A student team fromETH Zurich‘s Academic Space Initiative Switzerland (ARIS) has successfully ignited a rotating detonation rocket engine (RDRE) using liquid propellants, recording stable detonation waves during a night test at Dübendorf Airfield in Switzerland.

The achievement,reached by the 20-strong Pegasus team in early April 2026,places the students in rare company: only around a dozen countries have developed and tested such engines, and no other student group had previously demonstrated stable liquid-fueled RDRE operation.

Jan Hofstetter, Project Manager of Pegasus at ARIS, described the result as the product of nearly a year of focused development. Mattia Röösli, a 21-year-old third-year mechanical engineering student who designed the engine’s injector, explained the approach that made it possible: “You don’t need to be exceptionally talented to develop a rocket engine after two years of study. You go step by step and help each other.” Röösli also pushed back against over-preparation, highlighting, “It’s a mistake to think you can fully understand the topic before you start. There are simply far too many unanswered questions.”

Why detonation beats combustion

The engine burns propane and liquid oxygen, with the injector, manufactured using metal additive manufacturing (metal AM), at its core. RDRE technology differs from conventional rocket engines in that the fuel does not burn steadily; instead, it detonates, producing a supersonic wave that rotates continuously around a ring-shaped combustion chamber at up to 20,000 revolutions per second.
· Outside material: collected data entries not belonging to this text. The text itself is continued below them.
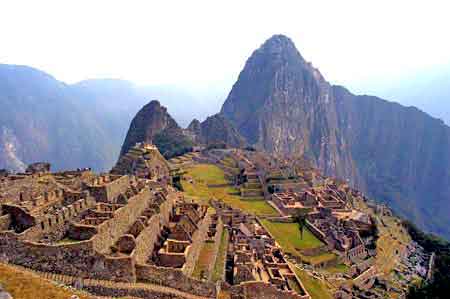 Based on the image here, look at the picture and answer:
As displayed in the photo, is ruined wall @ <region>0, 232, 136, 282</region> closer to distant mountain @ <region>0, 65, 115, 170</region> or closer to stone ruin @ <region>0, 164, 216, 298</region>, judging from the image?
stone ruin @ <region>0, 164, 216, 298</region>

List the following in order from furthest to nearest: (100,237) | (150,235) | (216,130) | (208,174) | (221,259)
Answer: (216,130), (208,174), (221,259), (150,235), (100,237)

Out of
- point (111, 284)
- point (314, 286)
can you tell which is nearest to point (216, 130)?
point (314, 286)

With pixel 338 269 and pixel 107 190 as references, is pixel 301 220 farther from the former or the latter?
pixel 107 190

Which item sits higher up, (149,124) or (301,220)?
(149,124)

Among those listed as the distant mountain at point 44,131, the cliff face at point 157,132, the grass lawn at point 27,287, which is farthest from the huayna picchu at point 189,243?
the distant mountain at point 44,131

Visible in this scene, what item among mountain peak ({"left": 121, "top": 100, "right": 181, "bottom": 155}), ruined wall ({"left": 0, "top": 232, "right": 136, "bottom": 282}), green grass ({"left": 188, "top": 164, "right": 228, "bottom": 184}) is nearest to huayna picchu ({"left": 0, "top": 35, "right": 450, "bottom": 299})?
ruined wall ({"left": 0, "top": 232, "right": 136, "bottom": 282})

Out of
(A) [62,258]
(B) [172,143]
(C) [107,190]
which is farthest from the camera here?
(B) [172,143]

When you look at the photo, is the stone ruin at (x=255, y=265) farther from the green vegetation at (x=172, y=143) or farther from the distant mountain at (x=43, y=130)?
the distant mountain at (x=43, y=130) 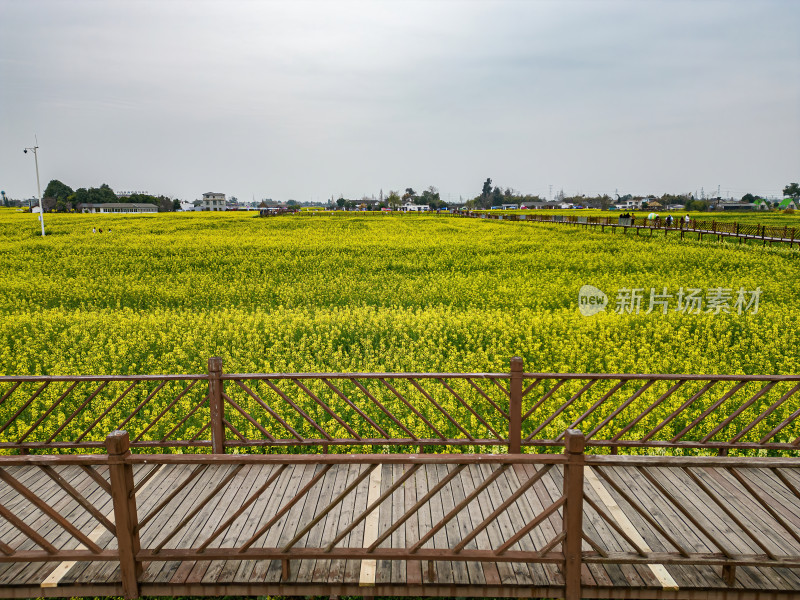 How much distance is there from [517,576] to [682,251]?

That detonation cycle yields significantly higher pressures and temperatures than steady-state combustion, allowing the energy in the fuel to be extracted more completely.
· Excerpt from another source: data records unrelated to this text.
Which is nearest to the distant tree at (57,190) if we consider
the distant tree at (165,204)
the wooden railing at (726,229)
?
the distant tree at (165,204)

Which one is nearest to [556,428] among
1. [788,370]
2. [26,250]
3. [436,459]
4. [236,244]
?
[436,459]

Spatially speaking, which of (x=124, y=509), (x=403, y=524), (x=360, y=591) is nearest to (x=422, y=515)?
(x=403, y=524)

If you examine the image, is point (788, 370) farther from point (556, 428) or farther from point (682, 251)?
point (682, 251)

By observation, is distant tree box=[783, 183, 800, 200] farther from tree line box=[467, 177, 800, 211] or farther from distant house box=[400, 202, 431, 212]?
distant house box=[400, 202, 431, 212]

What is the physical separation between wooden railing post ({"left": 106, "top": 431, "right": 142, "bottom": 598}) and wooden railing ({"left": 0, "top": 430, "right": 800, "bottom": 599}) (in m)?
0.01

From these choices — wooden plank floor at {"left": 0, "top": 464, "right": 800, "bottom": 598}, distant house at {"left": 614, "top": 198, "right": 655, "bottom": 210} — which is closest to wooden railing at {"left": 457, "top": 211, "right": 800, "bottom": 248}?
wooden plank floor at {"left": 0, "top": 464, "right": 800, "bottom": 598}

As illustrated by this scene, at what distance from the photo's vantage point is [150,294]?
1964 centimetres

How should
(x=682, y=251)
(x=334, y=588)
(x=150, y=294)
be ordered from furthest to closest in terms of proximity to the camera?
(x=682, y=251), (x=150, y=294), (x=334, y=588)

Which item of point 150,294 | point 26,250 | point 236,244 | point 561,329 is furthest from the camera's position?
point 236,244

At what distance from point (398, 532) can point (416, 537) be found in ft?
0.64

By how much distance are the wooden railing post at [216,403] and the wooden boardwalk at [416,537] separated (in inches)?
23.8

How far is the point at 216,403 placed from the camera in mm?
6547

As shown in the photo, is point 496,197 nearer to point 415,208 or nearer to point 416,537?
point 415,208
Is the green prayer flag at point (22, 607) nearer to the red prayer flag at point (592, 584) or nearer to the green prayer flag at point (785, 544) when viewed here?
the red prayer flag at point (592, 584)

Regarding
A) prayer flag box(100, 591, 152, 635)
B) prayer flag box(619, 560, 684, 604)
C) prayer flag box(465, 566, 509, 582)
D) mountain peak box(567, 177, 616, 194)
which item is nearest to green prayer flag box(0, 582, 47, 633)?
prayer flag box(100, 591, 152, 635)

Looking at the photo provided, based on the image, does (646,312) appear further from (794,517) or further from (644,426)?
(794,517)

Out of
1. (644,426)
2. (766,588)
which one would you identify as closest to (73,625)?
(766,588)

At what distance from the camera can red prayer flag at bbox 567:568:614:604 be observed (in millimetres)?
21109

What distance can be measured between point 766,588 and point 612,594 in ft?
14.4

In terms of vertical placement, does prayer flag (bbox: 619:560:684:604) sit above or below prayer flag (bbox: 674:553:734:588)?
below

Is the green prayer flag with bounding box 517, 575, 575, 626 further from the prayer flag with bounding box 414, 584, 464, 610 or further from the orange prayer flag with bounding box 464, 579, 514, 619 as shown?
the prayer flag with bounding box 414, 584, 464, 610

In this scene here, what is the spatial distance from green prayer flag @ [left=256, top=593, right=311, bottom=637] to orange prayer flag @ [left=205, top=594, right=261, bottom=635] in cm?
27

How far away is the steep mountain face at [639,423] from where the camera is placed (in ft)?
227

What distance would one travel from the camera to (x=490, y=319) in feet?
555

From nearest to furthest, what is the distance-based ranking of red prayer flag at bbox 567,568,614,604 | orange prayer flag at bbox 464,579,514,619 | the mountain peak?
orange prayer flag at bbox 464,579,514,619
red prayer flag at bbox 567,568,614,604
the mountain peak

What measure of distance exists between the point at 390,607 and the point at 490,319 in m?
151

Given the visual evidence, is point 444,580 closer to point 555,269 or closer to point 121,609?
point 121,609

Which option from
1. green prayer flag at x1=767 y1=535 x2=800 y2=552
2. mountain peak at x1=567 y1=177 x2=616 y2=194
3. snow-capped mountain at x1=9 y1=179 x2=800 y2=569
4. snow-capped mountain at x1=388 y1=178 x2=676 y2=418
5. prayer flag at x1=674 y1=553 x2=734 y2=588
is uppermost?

The theoretical efficiency gain over conventional engines is estimated at 10 to 20 percent, a meaningful margin given that fuel accounts for 80 to 90 percent of a rocket’s total launch weight.
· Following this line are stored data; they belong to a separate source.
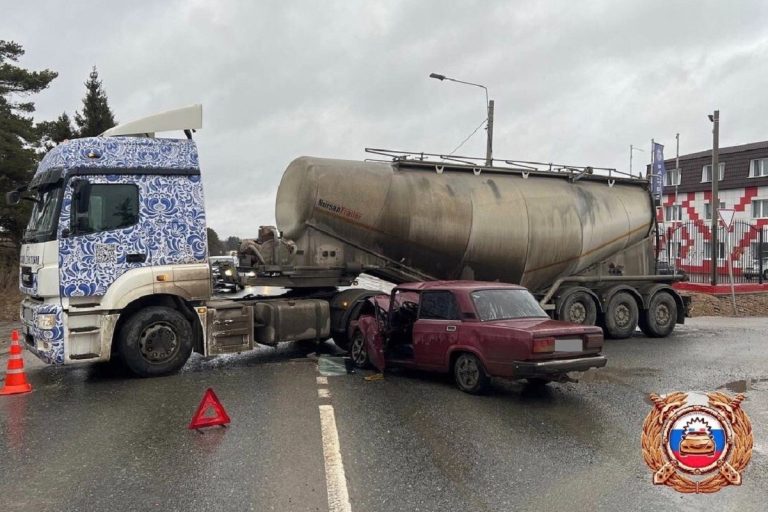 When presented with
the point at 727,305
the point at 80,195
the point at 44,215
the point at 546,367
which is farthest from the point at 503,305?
the point at 727,305

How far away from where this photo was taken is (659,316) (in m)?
14.3

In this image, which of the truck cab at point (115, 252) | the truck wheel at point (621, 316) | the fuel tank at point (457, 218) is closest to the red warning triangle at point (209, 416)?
the truck cab at point (115, 252)

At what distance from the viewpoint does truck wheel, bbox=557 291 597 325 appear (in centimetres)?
1312

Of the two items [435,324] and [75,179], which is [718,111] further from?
[75,179]

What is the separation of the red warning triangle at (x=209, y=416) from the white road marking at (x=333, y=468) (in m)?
1.02

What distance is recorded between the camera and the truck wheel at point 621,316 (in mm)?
13641

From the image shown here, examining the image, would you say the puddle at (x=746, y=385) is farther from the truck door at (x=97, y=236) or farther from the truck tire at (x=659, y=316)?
the truck door at (x=97, y=236)

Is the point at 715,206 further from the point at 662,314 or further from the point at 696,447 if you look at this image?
the point at 696,447

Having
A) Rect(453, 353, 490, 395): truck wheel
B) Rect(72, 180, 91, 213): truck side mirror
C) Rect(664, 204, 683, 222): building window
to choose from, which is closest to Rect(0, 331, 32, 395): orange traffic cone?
Rect(72, 180, 91, 213): truck side mirror

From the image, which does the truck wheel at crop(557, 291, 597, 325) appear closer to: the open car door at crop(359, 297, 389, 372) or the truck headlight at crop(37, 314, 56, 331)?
the open car door at crop(359, 297, 389, 372)

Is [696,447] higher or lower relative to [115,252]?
lower

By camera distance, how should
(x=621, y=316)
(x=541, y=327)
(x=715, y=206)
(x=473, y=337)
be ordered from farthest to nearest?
(x=715, y=206)
(x=621, y=316)
(x=473, y=337)
(x=541, y=327)

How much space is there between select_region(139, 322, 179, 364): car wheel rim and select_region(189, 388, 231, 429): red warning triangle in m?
2.78

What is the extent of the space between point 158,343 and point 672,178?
151ft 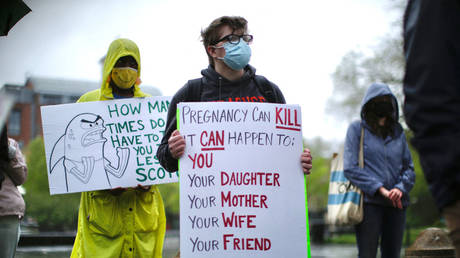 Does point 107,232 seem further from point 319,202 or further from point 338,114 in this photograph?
point 319,202

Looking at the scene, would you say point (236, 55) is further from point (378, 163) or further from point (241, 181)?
point (378, 163)

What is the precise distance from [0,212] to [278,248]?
2778mm

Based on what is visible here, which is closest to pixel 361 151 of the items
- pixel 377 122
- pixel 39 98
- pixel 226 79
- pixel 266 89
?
pixel 377 122

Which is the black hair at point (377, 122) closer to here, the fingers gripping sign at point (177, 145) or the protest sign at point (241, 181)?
the protest sign at point (241, 181)

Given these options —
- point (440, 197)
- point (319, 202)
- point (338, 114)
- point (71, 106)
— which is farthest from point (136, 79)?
point (319, 202)

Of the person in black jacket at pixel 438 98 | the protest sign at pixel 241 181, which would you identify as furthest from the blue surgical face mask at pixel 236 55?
the person in black jacket at pixel 438 98

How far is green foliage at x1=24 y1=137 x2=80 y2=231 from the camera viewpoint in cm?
1492

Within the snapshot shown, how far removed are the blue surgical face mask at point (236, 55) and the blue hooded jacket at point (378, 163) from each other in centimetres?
198

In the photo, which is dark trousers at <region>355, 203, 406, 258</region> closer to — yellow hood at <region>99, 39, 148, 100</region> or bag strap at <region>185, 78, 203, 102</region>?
bag strap at <region>185, 78, 203, 102</region>

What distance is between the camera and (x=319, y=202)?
50.7 m

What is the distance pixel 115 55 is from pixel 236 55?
51.1 inches

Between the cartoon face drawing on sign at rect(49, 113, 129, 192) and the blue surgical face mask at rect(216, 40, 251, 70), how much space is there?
137cm

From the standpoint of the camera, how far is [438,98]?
1805mm

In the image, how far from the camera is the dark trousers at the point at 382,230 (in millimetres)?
4680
The Pegasus injector had to mix and deliver propane and liquid oxygen in under a millisecond. One miscalculation and the detonation wave could propagate back into the supply lines. Röösli tackled it through iterative sketching, team review, calculation, and prototyping before advancing to printed metal parts.

Two attempts, three detonation waves

The test itself required two firing attempts. The first, just after seven in the evening, produced ignition but no confirmed detonation wave. The team examined sensor data, adjusted the propane flow parameters, and fired again at quarter to nine. This time the pressure wave shook the door of the control hut, and the high-speed camera confirmed three distinct rotating detonation waves. The result was validated in real time by colleagues watching the footage beside the camera outside the safety perimeter.